→ Source records
_ _ _ _ _

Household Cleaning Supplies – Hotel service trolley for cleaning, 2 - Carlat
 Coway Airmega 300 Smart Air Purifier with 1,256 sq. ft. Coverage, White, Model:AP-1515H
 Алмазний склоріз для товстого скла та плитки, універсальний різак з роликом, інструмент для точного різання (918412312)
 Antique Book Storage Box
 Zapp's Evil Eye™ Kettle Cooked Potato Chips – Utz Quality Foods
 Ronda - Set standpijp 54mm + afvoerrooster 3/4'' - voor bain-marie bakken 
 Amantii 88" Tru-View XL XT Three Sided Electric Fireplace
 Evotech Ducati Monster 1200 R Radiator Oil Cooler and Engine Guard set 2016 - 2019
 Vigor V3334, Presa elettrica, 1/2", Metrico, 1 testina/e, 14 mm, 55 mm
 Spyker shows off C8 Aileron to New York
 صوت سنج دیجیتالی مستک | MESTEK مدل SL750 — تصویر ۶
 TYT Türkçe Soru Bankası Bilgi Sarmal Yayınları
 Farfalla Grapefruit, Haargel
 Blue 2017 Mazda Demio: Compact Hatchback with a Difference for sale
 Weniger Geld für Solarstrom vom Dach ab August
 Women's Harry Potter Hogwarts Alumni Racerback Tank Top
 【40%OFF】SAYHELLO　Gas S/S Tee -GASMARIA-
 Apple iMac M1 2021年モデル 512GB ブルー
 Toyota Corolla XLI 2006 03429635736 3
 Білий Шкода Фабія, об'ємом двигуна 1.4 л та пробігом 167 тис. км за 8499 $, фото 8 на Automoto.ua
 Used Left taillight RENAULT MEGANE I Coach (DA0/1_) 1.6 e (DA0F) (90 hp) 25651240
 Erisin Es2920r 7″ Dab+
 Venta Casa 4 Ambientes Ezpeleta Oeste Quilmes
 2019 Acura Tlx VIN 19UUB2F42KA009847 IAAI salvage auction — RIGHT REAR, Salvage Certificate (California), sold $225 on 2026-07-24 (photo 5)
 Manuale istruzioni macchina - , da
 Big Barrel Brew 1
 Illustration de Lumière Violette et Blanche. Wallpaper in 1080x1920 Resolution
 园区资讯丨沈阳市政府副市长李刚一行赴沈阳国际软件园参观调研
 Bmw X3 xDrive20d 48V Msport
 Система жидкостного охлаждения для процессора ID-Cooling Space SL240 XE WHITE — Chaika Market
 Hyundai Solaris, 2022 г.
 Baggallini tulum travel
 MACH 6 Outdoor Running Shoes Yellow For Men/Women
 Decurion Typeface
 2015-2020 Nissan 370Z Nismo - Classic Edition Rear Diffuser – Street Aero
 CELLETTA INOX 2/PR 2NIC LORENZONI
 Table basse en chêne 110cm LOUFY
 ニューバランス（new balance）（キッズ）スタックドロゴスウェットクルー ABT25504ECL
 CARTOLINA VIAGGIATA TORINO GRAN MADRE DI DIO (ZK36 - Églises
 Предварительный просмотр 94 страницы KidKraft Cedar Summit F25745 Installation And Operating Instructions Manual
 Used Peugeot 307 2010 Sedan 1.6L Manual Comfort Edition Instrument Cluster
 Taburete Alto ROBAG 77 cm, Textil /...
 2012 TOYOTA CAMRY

_ _ _ _ _

→ REQUIRED WORK
An exact copy of the lines above between the line holding "Sided Electric Fireplace" and the line holding "Apple iMac M1 2021年モデル 512GB ブルー", inclusive, is the whole answer.

→ PROBLEM SOLUTION
 Amantii 88" Tru-View XL XT Three Sided Electric Fireplace
 Evotech Ducati Monster 1200 R Radiator Oil Cooler and Engine Guard set 2016 - 2019
 Vigor V3334, Presa elettrica, 1/2", Metrico, 1 testina/e, 14 mm, 55 mm
 Spyker shows off C8 Aileron to New York
 صوت سنج دیجیتالی مستک | MESTEK مدل SL750 — تصویر ۶
 TYT Türkçe Soru Bankası Bilgi Sarmal Yayınları
 Farfalla Grapefruit, Haargel
 Blue 2017 Mazda Demio: Compact Hatchback with a Difference for sale
 Weniger Geld für Solarstrom vom Dach ab August
 Women's Harry Potter Hogwarts Alumni Racerback Tank Top
 【40%OFF】SAYHELLO　Gas S/S Tee -GASMARIA-
 Apple iMac M1 2021年モデル 512GB ブルー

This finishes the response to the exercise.